• Assignment: The answer must restate the records below word for word.

********************

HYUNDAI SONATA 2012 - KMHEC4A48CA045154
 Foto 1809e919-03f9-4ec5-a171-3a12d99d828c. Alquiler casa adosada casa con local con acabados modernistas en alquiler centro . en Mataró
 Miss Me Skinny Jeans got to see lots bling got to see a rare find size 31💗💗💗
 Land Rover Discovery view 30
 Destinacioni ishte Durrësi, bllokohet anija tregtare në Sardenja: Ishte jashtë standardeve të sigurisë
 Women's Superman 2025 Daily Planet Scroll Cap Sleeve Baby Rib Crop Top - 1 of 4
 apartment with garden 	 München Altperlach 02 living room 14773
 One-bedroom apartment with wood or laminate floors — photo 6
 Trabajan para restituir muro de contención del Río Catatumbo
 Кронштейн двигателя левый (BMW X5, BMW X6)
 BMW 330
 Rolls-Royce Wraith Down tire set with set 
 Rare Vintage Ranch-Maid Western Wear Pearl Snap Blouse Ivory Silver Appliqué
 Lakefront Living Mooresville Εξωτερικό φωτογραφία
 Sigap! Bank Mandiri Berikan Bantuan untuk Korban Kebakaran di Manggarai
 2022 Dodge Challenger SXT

********************

• Answer to this exercise:
HYUNDAI SONATA 2012 - KMHEC4A48CA045154
 Foto 1809e919-03f9-4ec5-a171-3a12d99d828c. Alquiler casa adosada casa con local con acabados modernistas en alquiler centro . en Mataró
 Miss Me Skinny Jeans got to see lots bling got to see a rare find size 31💗💗💗
 Land Rover Discovery view 30
 Destinacioni ishte Durrësi, bllokohet anija tregtare në Sardenja: Ishte jashtë standardeve të sigurisë
 Women's Superman 2025 Daily Planet Scroll Cap Sleeve Baby Rib Crop Top - 1 of 4
 apartment with garden 	 München Altperlach 02 living room 14773
 One-bedroom apartment with wood or laminate floors — photo 6
 Trabajan para restituir muro de contención del Río Catatumbo
 Кронштейн двигателя левый (BMW X5, BMW X6)
 BMW 330
 Rolls-Royce Wraith Down tire set with set 
 Rare Vintage Ranch-Maid Western Wear Pearl Snap Blouse Ivory Silver Appliqué
 Lakefront Living Mooresville Εξωτερικό φωτογραφία
 Sigap! Bank Mandiri Berikan Bantuan untuk Korban Kebakaran di Manggarai
 2022 Dodge Challenger SXT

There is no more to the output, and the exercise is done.